Gérald Darmanin dévoile sa "révolution" judiciaire: "Les juges appliqueront loyalement la loi"

Le ministre de la Justice Gérald Darmanin commence ce jeudi une série de rencontres avec les présidents de groupes parlementaires et surtout avec les syndicats et responsables de la justice, dont les personnels pénitentiaires. Le ministre espère pouvoir imposer une réforme d’ampleur réforme du système judiciaire. Ce matin, le garde des Sceaux a indiqué sur RMC-BFMTV vouloir "propoposer la révolution qui consiste à taper très fort dès les premiers faits."
D’abord, supprimer l’aménagement automatique des peines de prison de moins d’un an. Aujourd’hui, les condamnés à une peine inférieure à douze mois ont peu de chances de séjourner en prison. L’aménagement serait facultatif, voire exceptionnel.
"Ceux qui doivent aller en prison en premier lieu, ce sont ceux qui font des violence aux personnes", souligne Gérald Darmanin
Pour cela, il faut des places de prison. Ces condamnés sont aujourd’hui dehors, alors que la France subit déjà une situation de surpopulation carcérale. Gérald Darmanin plaide pour des établissements plus petits et modulables. Ils seraient construits sur des terrains déjà propriété de la Justice, donc disponibles. "Lorsque les gens commettent des actes de délinquance, ils doivent aller en prison, si les magistrats pensent qu'ils sont dangereux", a fait valoir Gérald Darmanin sur RMC-BFTMV.
Gérald Darmanin veut aussi supprimer le sursis, qu’il estime inefficace. Un "non-sens", selon lui. Il souhaite le remplacer par des peines de probation : travail d’intérêt général, bracelet électronique, courtes peines. Ce système est très utilisé aux États-Unis ou en Angleterre.
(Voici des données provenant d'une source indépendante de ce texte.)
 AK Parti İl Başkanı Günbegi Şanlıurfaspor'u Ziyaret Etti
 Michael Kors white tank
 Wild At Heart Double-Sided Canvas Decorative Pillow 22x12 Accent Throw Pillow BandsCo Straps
Soulignons que cela nécessiterait la mobilisation des Services pénitentiaires d’insertion et de probation (SPIP). Le ministre veut justement renforcer leur rôle, quitte à ce qu’ils remplacent parfois les Juges d’application des peines. C’est un point technique, qui peut faire débat. On accélérerait également les procédures. Plus besoin d’attendre un rendez-vous avec le juge. On réserverait ces audiences aux cas de litiges.
"Je n'ai pas à être d'accord avec les juges"
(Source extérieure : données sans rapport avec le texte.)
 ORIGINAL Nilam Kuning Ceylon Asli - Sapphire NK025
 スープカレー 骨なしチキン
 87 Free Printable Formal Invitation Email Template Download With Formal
Autre idée qui va faire débat : instaurer des peines minimales. Non seulement pour les récidivistes, comme les anciennes peines planchers, mais dès la première infraction. Une promesse supplémentaire de fermeté et de lutte contre le laxisme. "Je propose de changer la façon de faire, au lieu d'être très dur avec des multirécidivistes et les renvoyer en prison il faut être très dur au premier fait, peine minimale [...] Je propose de toucher au 1er fait", indique Gérald Darmanin sur RMC-BFMTV.
Des voix s’élèvent déjà pour défendre le principe d’individualisation de la peine. Parmi elles, l’ancien procureur François Molins, qui parle de "surenchère pénale et sécuritaire". D’autres magistrats affirment que cela pourrait engorger la justice. On imagine en effet davantage de contestations, donc plus de procès, donc des délais plus longs. "Je n'ai pas à être d'accord avec les juges, je fais de la politique, les juges appliquent loyalement la loi", a rétorqué Gérald Darmanin.
Certaines idées, en revanche, pourront être qualifiées d’innovantes. Sont-elles réalistes? C’est à voir. Classer les détenus selon leur dangerosité, par exemple. Aujourd’hui, on les distingue plutôt selon leur statut : en attente de jugement ou condamnés.
Classer les détenus selon leur dangerosité
Le ministre veut s’inspirer du modèle britannique, où c’est le niveau de risque qui prime. Il faudra doter les Juges des libertés et de la détention d’outils d’évaluation solides et construire des établissements spécialisés: pour trafiquants, pour auteurs de violences sexuelles, etc.
Gérald Darmanin veut aussi simplifier l’arsenal des condamnations. Aujourd’hui, la justice française compte, selon lui, 235 types de peines. Il souhaite les réduire à quatre grands types : prison, amende, bracelet électronique, travail d’intérêt général. On attend d’en savoir plus.
Enfin, autre idée qui apparaît : l’introduction d’un plaider-coupable pour les affaires criminelles. Si l’auteur reconnaît les faits, s’il y a accord avec la victime et le parquet, on se passerait de procès pour parler directement de la peine.
Gérald Darmanin lance un projet qu’il n’est pas sûr de voir aboutir. Il commence par des consultations. Fin juillet, le Garde des Sceaux espère présenter un texte "global et cohérent" au Président de la République et au Premier ministre. Il souhaite porter un projet de loi dès septembre, pour une entrée en application en 2026. Encore faut-il s’assurer d’une majorité à l’Assemblée.